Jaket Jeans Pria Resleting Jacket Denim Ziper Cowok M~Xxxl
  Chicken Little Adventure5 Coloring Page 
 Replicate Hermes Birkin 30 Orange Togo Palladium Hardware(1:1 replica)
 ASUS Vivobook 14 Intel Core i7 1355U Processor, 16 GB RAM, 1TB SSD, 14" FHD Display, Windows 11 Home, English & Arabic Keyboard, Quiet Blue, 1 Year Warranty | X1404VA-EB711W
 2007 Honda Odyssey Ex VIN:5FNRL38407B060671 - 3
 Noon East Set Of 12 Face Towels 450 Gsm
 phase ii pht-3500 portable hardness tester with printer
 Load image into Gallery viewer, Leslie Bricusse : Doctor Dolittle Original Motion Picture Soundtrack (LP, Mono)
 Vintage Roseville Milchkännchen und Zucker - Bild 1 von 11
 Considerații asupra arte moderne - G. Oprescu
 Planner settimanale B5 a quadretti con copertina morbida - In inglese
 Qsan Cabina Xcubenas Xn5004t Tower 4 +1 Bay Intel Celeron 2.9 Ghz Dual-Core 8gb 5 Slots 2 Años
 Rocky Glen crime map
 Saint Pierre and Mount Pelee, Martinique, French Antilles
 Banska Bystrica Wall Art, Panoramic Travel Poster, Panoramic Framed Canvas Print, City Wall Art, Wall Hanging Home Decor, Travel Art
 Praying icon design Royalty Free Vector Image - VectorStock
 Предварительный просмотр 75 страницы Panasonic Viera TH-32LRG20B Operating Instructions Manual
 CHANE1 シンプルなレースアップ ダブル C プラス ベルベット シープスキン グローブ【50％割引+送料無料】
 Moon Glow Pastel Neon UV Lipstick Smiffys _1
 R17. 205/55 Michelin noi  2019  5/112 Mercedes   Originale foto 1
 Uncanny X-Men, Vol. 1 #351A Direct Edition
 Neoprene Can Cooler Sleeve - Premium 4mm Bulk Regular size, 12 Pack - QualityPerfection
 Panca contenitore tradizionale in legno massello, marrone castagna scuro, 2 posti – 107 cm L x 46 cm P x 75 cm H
....
Work instruction | Your task is to transcribe, with no changes, only the lines of the listing above that lie between the line holding "Qsan Cabina Xcubenas" and the line holding "Saint Pierre and", inclusive.

Result of the task |
 Qsan Cabina Xcubenas Xn5004t Tower 4 +1 Bay Intel Celeron 2.9 Ghz Dual-Core 8gb 5 Slots 2 Años
 Rocky Glen crime map
 Saint Pierre and Mount Pelee, Martinique, French Antilles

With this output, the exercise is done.